The Sozialistische Gleichheitspartei (Socialist Equality Party, SGP) condemns the German authorities’ arrest of Carlos Puigdemont and demands his immediate release. The former regional president of Catalonia was arrested Sunday morning by German federal police officers on an autobahn in the state of Schleswig-Holstein and detained in a facility in the town of Neumünster.

The arrest of Puigdemont by the German authorities is an arbitrary judicial act characteristic of an authoritarian regime. The German government and judiciary are serving as enforcers for the Madrid regime, which launched a brutal crackdown on the Catalan independence movement.

Puigdemont has committed no crime, but is being pursued for purely political reasons. The Spanish Supreme Court accused him on Friday, together with 12 other high-ranking Catalan politicians, of rebellion. The charge stems from their having carried out a referendum on Catalan independence, a promise they campaigned on during the previous election. To date, 25 Catalan politicians each face up to 30 years in prison.

Puigdemont’s arrest recalls a grim episode from the past. This is not the first time German authorities have arrested a Catalan prime minister. In August 1940, in France, the Gestapo arrested Lluis Companys, who had fought against Hitler’s ally Franco during the civil war. They extradited him to Madrid, where he was tortured, sentenced to death and executed.

The fact that Puigdemont is a political prisoner who also faces serious consequences is beyond question.
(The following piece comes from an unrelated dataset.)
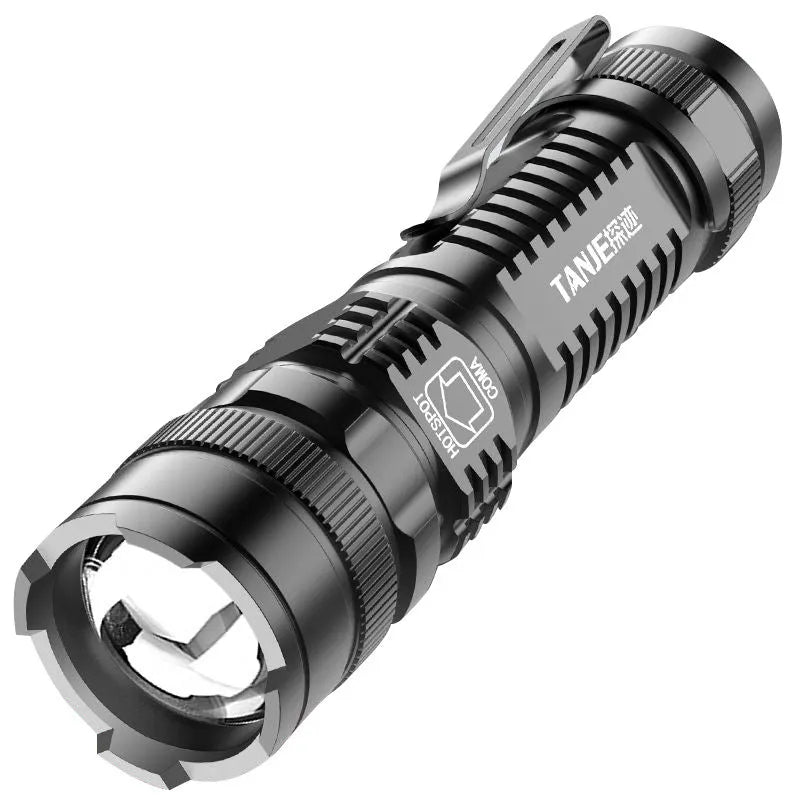 Black aluminium telescopic LED flashlight with pocket clip, shown zoomed in and out.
A comment in the Süddeutsche Zeitung entitled “Germany has its first political prisoner,” acknowledged that Madrid is attempting to “decimate a democratic mass movement with prisons and fines.” It is “obvious that the Spanish judiciary’s hardline stance is aimed at destroying the social and economic existence of the Catalan activists.”
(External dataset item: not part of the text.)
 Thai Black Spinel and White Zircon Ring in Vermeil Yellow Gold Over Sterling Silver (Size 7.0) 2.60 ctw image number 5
Only ten days after being sworn in, the German government is giving its full support to this anti-democratic policy with the arrest of Puigdemont. It is inconceivable that the Catalan politician’s arrest could have occurred without authorisation at the highest political level. Last October, when the Spanish government of Mariano Rajoy cracked down with brutal violence on the Catalan independence referendum, the German government fully endorsed Madrid’s actions.
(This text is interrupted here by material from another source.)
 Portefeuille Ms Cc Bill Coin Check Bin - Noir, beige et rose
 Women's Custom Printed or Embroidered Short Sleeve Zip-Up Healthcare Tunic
As Focus magazine reported, the Spanish intelligence service had Puigdemont under surveillance at all times. They informed Germany’s Federal Criminal Bureau, which is under the direct control of the Interior Ministry. Puigdemont, who had attended a conference in Finland and driven through Sweden and Denmark by car on his way back to Belgium, was arrested by the federal police shortly after crossing the German border.

Germany’s grand coalition backs the Spanish government because it is in full agreement with its goal of suppressing all social and political opposition. The strengthening of the police, expansion of the intelligence services and the transformation of Europe into a heavily-armed fortress form a substantial portion of the coalition agreement reached between Germany’s Social Democrats and conservative parties.

This strengthening of the repressive state apparatus is directed not only against movements like the Catalan separatists, who notwithstanding their conflicts with Madrid advance a thoroughly bourgeois programme. Their main target is the working class. Puigdemont’s arrest takes place in the context of growing social conflicts and class struggles throughout Europe and the United States.

Two weeks ago, 45,000 people in Barcelona demonstrated for Catalan independence, and on Sunday evening, 55,000 took to the streets to protest Puigdemont’s arrest. In France, railway workers and public servants are striking against President Emmanuel Macron’s labour market reforms. In Germany, following strikes in the industrial sector, tens of thousands of public sector workers are now participating in warning strikes. In the United States, the largest student demonstrations since the Vietnam war took place over the weekend. Under conditions of a developing trade war with the United States, the growing war danger and the military build-up connected with this, these conflicts will intensify.

This is why the German government is giving its full backing to Mariano Rajoy’s Popular Party (PP) government, whose origins lie in the Franco dictatorship that ruled Spain from 1936 to 1975. As in the past, far-right governments throughout Europe are working to erect police states based on terror to brutally suppress all forms of opposition.

Rajoy, whose minority government faced pressure from all sides, sent thousands of police officers from the hated Guardia Civil to Catalonia to launch a crackdown against voters in last October’s referendum. After the separatists won new elections imposed by Madrid, Rajoy ordered one potential candidate after another arrested so as to prevent the election of a new regional president.

This repression enjoys the full support of Berlin, because the ruling class wants to suppress all social and political opposition to its reactionary policies. Puigdemont’s arrest is directly connected with the enforcement of police state measures in Germany and across Europe.

The SGP reiterates its demand for the immediate release of Carles Puigdemont and calls upon workers, young people and serious intellectuals to bravely resist the establishment of an authoritarian regime.